The strongest case for the critics
The concentration argument is not frivolous. If AI-assisted output becomes copyrightable on a thin showing of "human involvement," the entities best placed to mass-produce and claim ownership over that output are large platforms and well-capitalised studios that run generative models at scale. They can flood the markets for music, stock imagery, and text with protectable AI-assisted works, depressing prices and demand for purely human craft — often using models trained on the very creators now competing against them, with no remuneration flowing back. Worse, when the legal standard for "human touch" is left undefined, the party with the deeper legal bench tends to win the ownership fight. That asymmetry favours platforms over individual artists. As a matter of distributive impact, the critics have identified something real.
Why the human-authorship anchor is still the right call
The instinct behind the bill, however, is correct — and abandoning it would make the very harm critics fear worse. Under the existing Law No. 28 of 2014, copyright vests automatically in an "author," defined as "a person or several persons who individually or jointly produce works that are unique and personal" (WIPO Lex). Indonesian practitioners broadly agree that this human-authorship requirement already excludes purely machine-generated output from protection. The bill does not invent a new entitlement so much as draw a boundary the statute always implied: human creativity in, pure automation out.
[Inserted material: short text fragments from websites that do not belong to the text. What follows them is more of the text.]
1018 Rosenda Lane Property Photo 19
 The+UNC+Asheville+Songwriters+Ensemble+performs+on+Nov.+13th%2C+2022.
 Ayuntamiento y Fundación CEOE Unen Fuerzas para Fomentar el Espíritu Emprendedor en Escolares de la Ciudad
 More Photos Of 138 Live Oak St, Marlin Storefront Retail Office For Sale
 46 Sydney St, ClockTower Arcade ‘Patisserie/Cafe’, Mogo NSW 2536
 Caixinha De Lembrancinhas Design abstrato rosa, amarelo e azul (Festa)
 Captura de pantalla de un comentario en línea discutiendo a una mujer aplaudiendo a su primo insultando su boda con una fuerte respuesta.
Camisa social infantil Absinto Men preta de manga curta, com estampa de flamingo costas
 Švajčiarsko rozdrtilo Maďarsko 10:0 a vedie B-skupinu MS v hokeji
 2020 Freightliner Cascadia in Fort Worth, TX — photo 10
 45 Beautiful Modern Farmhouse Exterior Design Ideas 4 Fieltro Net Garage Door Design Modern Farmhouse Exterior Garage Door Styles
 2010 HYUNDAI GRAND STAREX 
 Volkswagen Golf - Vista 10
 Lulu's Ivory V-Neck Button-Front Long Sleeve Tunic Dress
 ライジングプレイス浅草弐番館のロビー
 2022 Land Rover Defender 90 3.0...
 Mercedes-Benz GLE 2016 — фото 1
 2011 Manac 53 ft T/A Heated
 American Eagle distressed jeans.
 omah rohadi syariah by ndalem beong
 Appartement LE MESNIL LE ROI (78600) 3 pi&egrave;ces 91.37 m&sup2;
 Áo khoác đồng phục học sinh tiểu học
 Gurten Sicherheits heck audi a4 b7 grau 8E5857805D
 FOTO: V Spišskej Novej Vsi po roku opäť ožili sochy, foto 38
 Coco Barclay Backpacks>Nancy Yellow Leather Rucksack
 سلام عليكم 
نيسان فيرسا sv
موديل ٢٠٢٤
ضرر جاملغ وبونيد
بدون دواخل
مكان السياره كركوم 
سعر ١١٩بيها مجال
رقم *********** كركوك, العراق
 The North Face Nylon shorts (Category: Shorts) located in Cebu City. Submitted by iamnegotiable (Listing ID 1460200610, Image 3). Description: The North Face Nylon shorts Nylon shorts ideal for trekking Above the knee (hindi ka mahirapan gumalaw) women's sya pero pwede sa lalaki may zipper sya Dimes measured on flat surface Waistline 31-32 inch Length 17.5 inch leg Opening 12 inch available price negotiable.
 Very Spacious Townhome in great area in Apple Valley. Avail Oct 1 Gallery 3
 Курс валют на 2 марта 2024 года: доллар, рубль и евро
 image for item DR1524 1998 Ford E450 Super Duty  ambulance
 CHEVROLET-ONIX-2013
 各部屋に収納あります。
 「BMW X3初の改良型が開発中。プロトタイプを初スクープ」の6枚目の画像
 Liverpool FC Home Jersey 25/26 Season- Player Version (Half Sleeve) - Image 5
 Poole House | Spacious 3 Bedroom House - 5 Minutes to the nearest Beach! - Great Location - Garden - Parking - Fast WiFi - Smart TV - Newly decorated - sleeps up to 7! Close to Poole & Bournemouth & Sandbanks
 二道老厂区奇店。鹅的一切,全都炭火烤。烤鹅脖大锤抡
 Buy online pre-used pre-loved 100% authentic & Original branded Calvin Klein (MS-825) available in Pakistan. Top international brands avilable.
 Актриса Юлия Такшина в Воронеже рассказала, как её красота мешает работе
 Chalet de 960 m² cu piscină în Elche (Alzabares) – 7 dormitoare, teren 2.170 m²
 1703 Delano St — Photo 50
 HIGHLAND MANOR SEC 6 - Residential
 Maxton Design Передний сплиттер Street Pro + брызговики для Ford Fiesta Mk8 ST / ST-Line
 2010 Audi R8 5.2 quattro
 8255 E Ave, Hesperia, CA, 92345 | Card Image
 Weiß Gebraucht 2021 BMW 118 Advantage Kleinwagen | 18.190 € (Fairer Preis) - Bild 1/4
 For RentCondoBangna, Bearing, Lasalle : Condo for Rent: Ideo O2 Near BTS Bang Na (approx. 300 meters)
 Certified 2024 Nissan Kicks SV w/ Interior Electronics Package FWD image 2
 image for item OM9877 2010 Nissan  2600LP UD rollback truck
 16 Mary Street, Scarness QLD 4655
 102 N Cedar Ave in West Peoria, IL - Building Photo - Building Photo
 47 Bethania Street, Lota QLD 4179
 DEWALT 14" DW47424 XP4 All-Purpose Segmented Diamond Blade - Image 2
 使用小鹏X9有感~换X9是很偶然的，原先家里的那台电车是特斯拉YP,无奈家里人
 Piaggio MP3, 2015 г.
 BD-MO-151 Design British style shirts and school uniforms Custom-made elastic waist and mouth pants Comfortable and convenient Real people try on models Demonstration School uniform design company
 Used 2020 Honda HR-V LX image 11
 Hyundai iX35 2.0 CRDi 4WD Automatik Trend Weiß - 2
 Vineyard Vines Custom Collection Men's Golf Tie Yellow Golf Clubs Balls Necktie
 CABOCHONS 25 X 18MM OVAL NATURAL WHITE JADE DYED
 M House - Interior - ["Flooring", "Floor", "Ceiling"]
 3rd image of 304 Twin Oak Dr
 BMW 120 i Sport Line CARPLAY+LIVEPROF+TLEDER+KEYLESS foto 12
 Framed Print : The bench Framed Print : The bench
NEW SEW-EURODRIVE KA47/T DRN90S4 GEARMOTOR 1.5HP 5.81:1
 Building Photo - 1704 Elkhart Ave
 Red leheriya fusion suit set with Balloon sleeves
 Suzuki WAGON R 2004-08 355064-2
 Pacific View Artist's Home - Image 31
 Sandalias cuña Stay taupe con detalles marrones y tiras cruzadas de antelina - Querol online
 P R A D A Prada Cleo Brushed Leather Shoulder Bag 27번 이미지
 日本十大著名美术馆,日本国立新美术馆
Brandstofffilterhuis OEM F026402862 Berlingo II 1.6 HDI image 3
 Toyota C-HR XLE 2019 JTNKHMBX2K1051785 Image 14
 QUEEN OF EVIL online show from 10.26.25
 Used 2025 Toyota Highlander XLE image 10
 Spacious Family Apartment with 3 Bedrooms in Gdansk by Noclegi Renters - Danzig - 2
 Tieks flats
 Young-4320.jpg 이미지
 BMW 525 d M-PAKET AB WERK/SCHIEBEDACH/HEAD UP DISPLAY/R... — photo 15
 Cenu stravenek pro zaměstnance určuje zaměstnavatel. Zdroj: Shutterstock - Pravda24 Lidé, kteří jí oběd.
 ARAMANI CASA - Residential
That boundary is precisely what prevents pure machine output from being monopolised. Academic proposals went considerably further — a 2024 paper in the journal Law Reform urged Indonesia to grant AI a "limited artificial legal persona" so that rights could attach to the developers or operators of a system. The bill wisely declined that path. Granting copyright to machine output as such — assignable to whoever owns the model — is the scenario that would genuinely concentrate power. Requiring a human author is the firewall against it, not the cause of it.
Denying protection to all AI-assisted work, the alternative some critics imply, would also misfire. It would strip legitimate human creators who use AI as a tool — the photographer who composites, the musician who arranges, the designer who iterates — of any protection, and push AI use into undisclosed grey zones. A blanket ban on AI-touched works punishes the human in the loop to spite the machine.
The real fault line is the undefined threshold
The genuine defect is not the rule; it is its vagueness. As Indonesian counsel have noted, the concept of "human involvement" is central to the bill but "currently lacks a detailed legal standard" — there is no articulated threshold for how much human intervention qualifies (Bagus Enrico & Partners). A one-word prompt and a thousand-word edit would, on the statute's face, sit on the same side of an invisible line. That indeterminacy is exactly what hands the advantage to well-resourced litigants and exactly what the concentration critics are reacting to. The problem is curable with precision, not with retreat from the principle.
Proportionate regulation would do four things. First, define the threshold objectively — borrowing from the US Copyright Office's 2025 guidance, which protects the human-authored selection, arrangement, and modification of AI output rather than the raw generation. Second, require disclosure: works claiming protection should declare material AI assistance, giving courts and competitors a factual basis to test "human involvement" rather than a lawyering contest. Third, address the input side the output rule ignores — the training-data question of whether scraping creators' works is fair use or requires licensing is where creator livelihoods are actually decided, and the bill is largely silent on it. Fourth, leave concentration to competition law, which is built to police market power; copyright scope is a clumsy and over-broad instrument for industrial policy.
A broader modernisation worth getting right
The AI clause sits within a wider, overdue update. The same bill strengthens collective royalty management — responding to the Constitutional Court's December 2025 ruling in Decision No. 28/PUU-XXIII/2025, which clarified that commercial event organisers, not performers, owe performance royalties — and extends platform liability to user-generated-content services while preserving fair-use carveouts for education, research, parody, news reporting, and disability access (Asia IP). The Directorate General of Intellectual Property has framed the reform as a push for "transparent, accountable" governance that adapts to technology while protecting the creative economy (DGIP).
That is the right ambition. Indonesia should keep the human-authorship anchor, which is pro-creator and pro-innovation at once, and spend its remaining deliberation defining what "human involvement" means — clearly enough that the answer does not depend on who can afford the better lawyer.